One day, my brother came riding home pretty shaken up. He had been riding down 29th street in Topeka and a guy in a pickup passed him super close and then turned the corner and drove into his driveway. Kris turned the corner and stopped in front of his house. The guy came running out of his garage, enraged and pulled out a small handgun. Kris, immediately turned around and started riding down the street as the guy ran behind him with gun pressed into Kris’ back. Kris said that it was about as scared as he has ever been of dying. The guy could have very easily tripped and accidentally pulled the trigger. It was nuts.
Anyway, I saw Bob Costas on Sunday Night Football, say his piece on this issue. He quoted an article by Jason Whitlock, an ex-writer of the Kansas City Star and currently at Fox News. I looked up the article. Here is a little-
I would argue that your rationalizations speak to how numb we are in this society to gun violence and murder. We’ve come to accept our insanity. We’d prefer to avoid seriously reflecting upon the absurdity of the prevailing notion that the second amendment somehow enhances our liberty rather than threatens it.
How many young people have to die senselessly? How many lives have to be ruined before we realize the right to bear arms doesn’t protect us from a government equipped with stealth bombers, predator drones, tanks and nuclear weapons?
Our current gun culture simply ensures that more and more domestic disputes will end in the ultimate tragedy, and that more convenience-store confrontations over loud music coming from a car will leave more teenage boys bloodied and dead.
I couldn’t agree more. If people that own handguns have a much higher chance of dying by homicide, and obviously, people that don’t own guns, who get killed by handguns, are not safer, then no one is safer. We’re all much less safe. The perceived safety of owning a handgun, is a false perception and actually completely wrong. I feel really bad for all the people that are so scared deep down, that they think that they need to carry a handgun with them at all times to feel safe. I’d think it would be very stressful.

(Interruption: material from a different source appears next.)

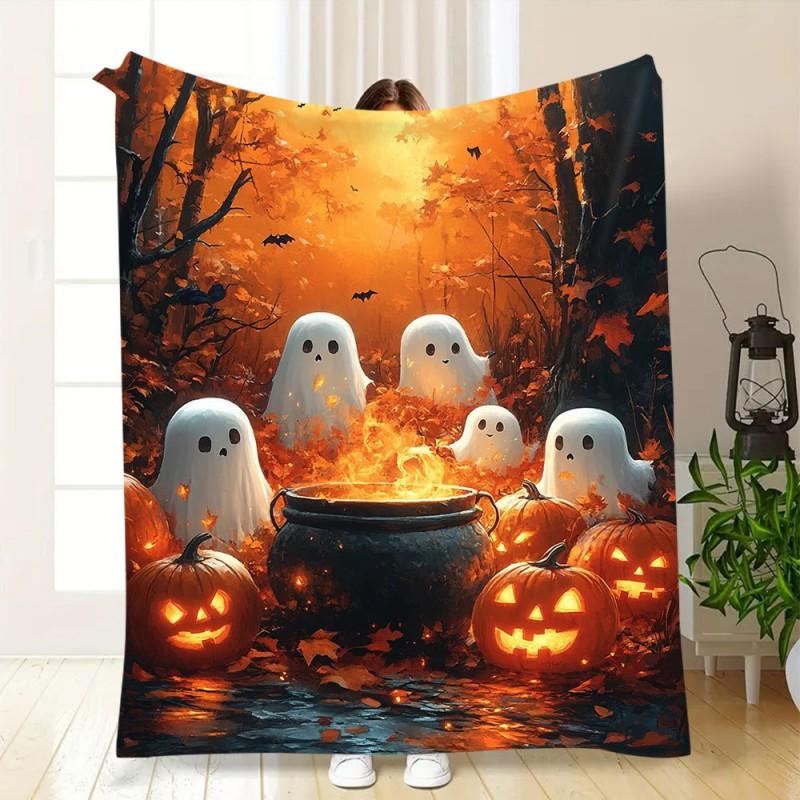 Soft Fleece Blanket With Halloween Digital Print Bed Sofa Nap Use Customizable Cartoon Geometric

I’m nearly sick to my stomach every time I hear of a story, such as above, that could have been easily avoided, if there wasn’t a handgun in play. I believe that each and everyone of us has the ability to be so enraged, that we could make a rash mistake, such as Jovan did, if in very specific circumstances. When a handgun is in the mix, these “normal” behaviors can turn into tragedies.
I have no idea why, we as a nation, allow this to continue. It is so wrong on so many levels. Disputes should be decided with words, not deaths.